La santé, au cœur du refus de la LAFE

Dimanche 26 avril, la population fribourgeoise a donné un signal extrêmement fort au Conseil d’Etat en balayant, à hauteur de 68,6%, les mesures d’austérité de la Loi sur l’assainissement des finances de l’Etat (LAFE). En rejetant la LAFE, les fribourgeois-e-s ne se sont pas uniquement exprimé-e-s sur les mesures d’économies, de nature législative, qui y figuraient. Dit autrement : ils/elles n’ont pas fait le tri entre les coupes budgétaires de la LAFE, à rejeter, et celles de la compétence du Conseil d’Etat (PAFE), qui seraient acceptables. C’est bien l’ensemble du paquet d’austérité présenté par le gouvernement qui a été refusé.

La population fribourgeoise a montré un refus particulièrement marqué des mesures d’austérité touchant la santé publique : gel des prestations d’intérêt général à l’HFR ou au RFSM, moratoire sur la revalorisation salariale des fonctions de la santé, notamment. Le Conseil d’Etat doit, dorénavant, concrétiser la volonté populaire en renonçant aux mesures d’austérité touchant le secteur de la santé qui figurent dans le PAFE.

Initiative pour des soins infirmiers forts : toujours rien !

Par ailleurs, l’initiative sur les soins infirmiers forts, acceptée très largement le 28 novembre 2021, n’a toujours pas été concrétisée pour le volet concernant les conditions de travail et la rémunération. Corriger l’inégalité de traitement que subissent les fonctions de la santé de niveau HES – et, par ricochet, les fonctions de la santé exigeant des diplômes différents (CFC, formations certifiantes) – est, dans ce cadre, incontournable.

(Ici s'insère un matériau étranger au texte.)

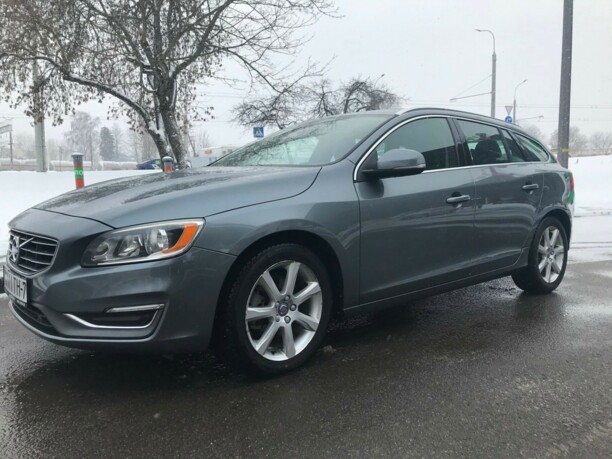 Volvo V60 I · Рестайлинг, 2017 г.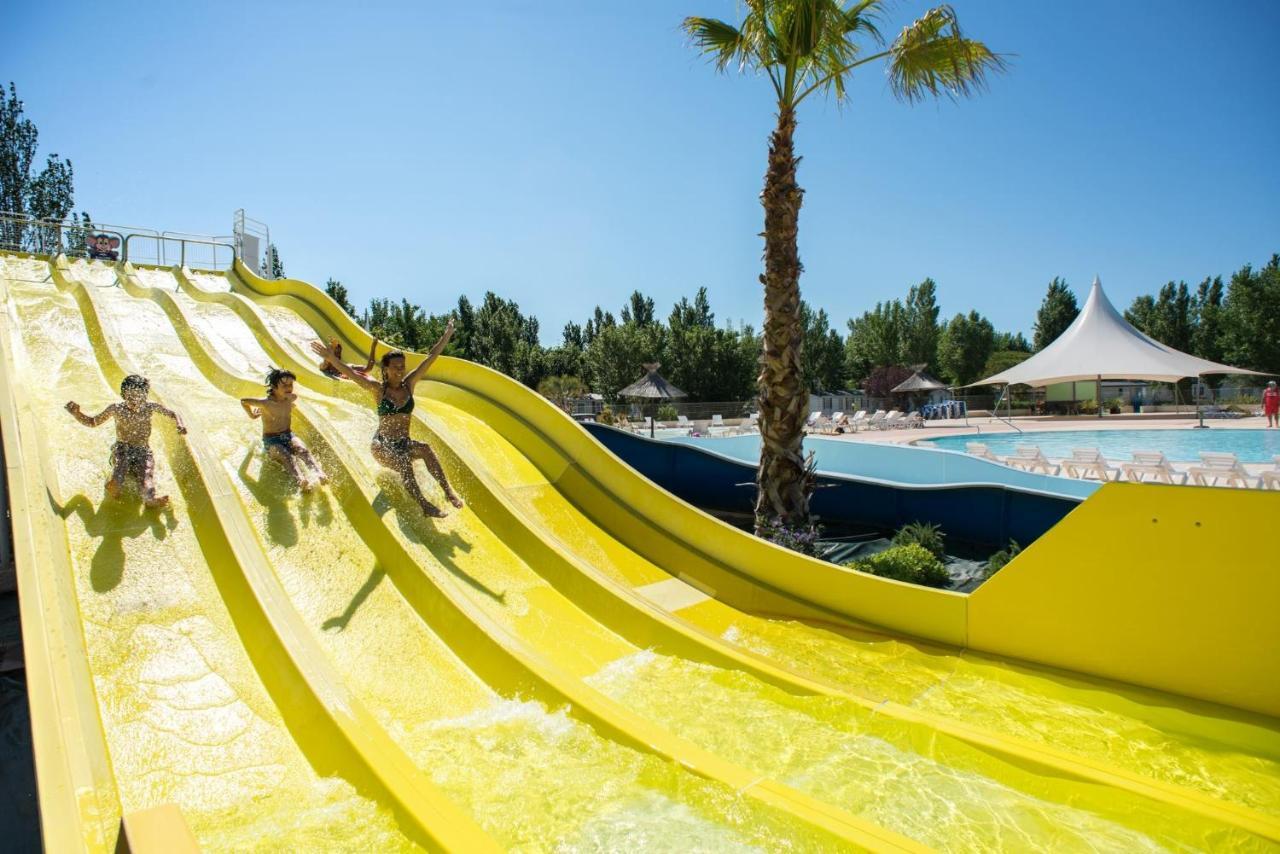 Campsite Vacance A La Carabasse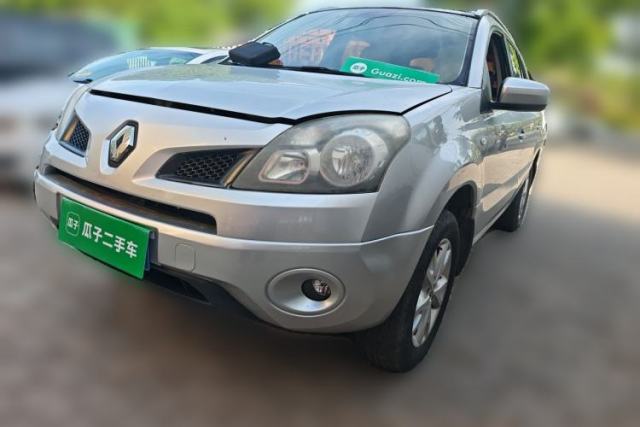 Used Renault Koleos 2010 2.5L Two-Wheel Drive Fashion Edition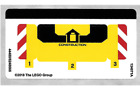 Lego ® Lot 2 Planche Stickers Autocollant Sheet Pelleteuse Loader Set 60219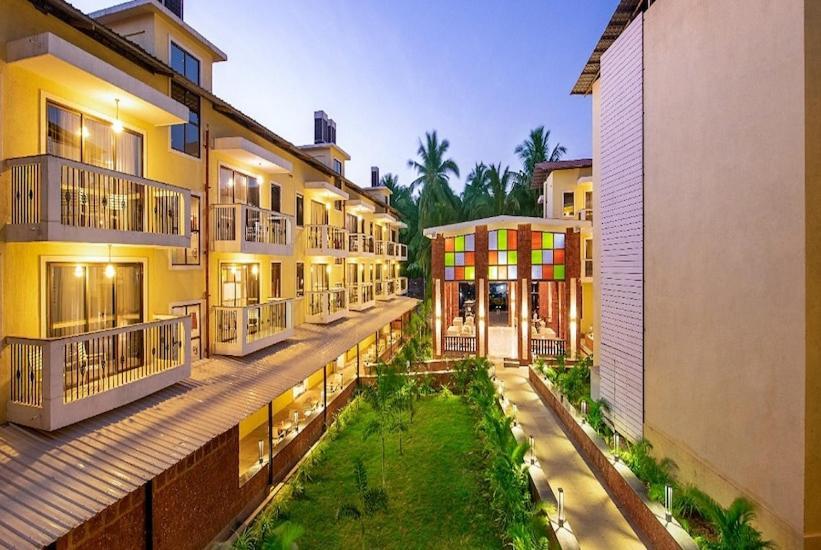Sea Breeze Max Resort&Spa Madgaon Exterior foto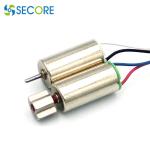 0.35W 28100rpm Toothbrush Vibrating Motor 3.7V 6mm Coreless Motor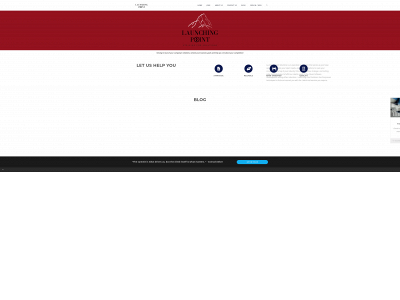 launching-point.com snapshot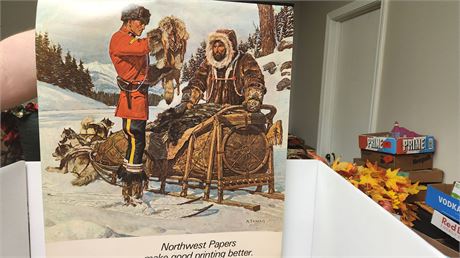 Vintage Calendar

La Commission d’évaluation des fonctions (CEF) a terminé ses travaux pour les fonctions de la santé suivantes : infirmiers/-ières, ergothérapeutes, physiothérapeutes, ambulanciers/-ières, ASSC, sage-femmes, ASE. Pour ces fonctions, il ne reste plus au Conseil d’Etat qu’à rendre sa décision. Il n’est pas acceptable de faire patienter le personnel concerné trois années supplémentaires alors que le dossier est déjà finalisé ! Pour les infirmiers/-ières spécialisé-e-s du domaine opératoire (IDDO), les technicien-ne-s en salle d’opération (TSO) et les assistant-e-s techniques en salle d’opération (ATSO), les remarques des professionnel-le-s concerné-e-s ont déjà été transmises à la CEF, qui n’a plus qu’à effectuer le travail d’évaluation. Là aussi, au vu de la crise que connaissent ces métiers, il serait scandaleux d’attendre trois années supplémentaires pour effectuer ce travail.

A relever que la revalorisation de la fonction d’ASE concerne également des salarié-e-s qui travaillent, dans une très large majorité d’ailleurs, dans le secteur social : institutions sociales, crèches et accueils, notamment.

Respecter l’accord passé devant l’Organe de conciliation et d’arbitrage

Le 18 octobre 2024, un accord avait été passé entre le SSP et le Conseil d’Etat devant l’Organe de conciliation et d’arbitrage. Cet accord impliquait qu’en échange de l’engagement du SSP à ne plus déposer de requêtes de décision formelle jusqu’au 31 décembre 2026, le gouvernement s’engageait à transmettre les 10 décisions formelles concernant les fonctions de la santé au SSP au plus tard à la fin de l’été 2025.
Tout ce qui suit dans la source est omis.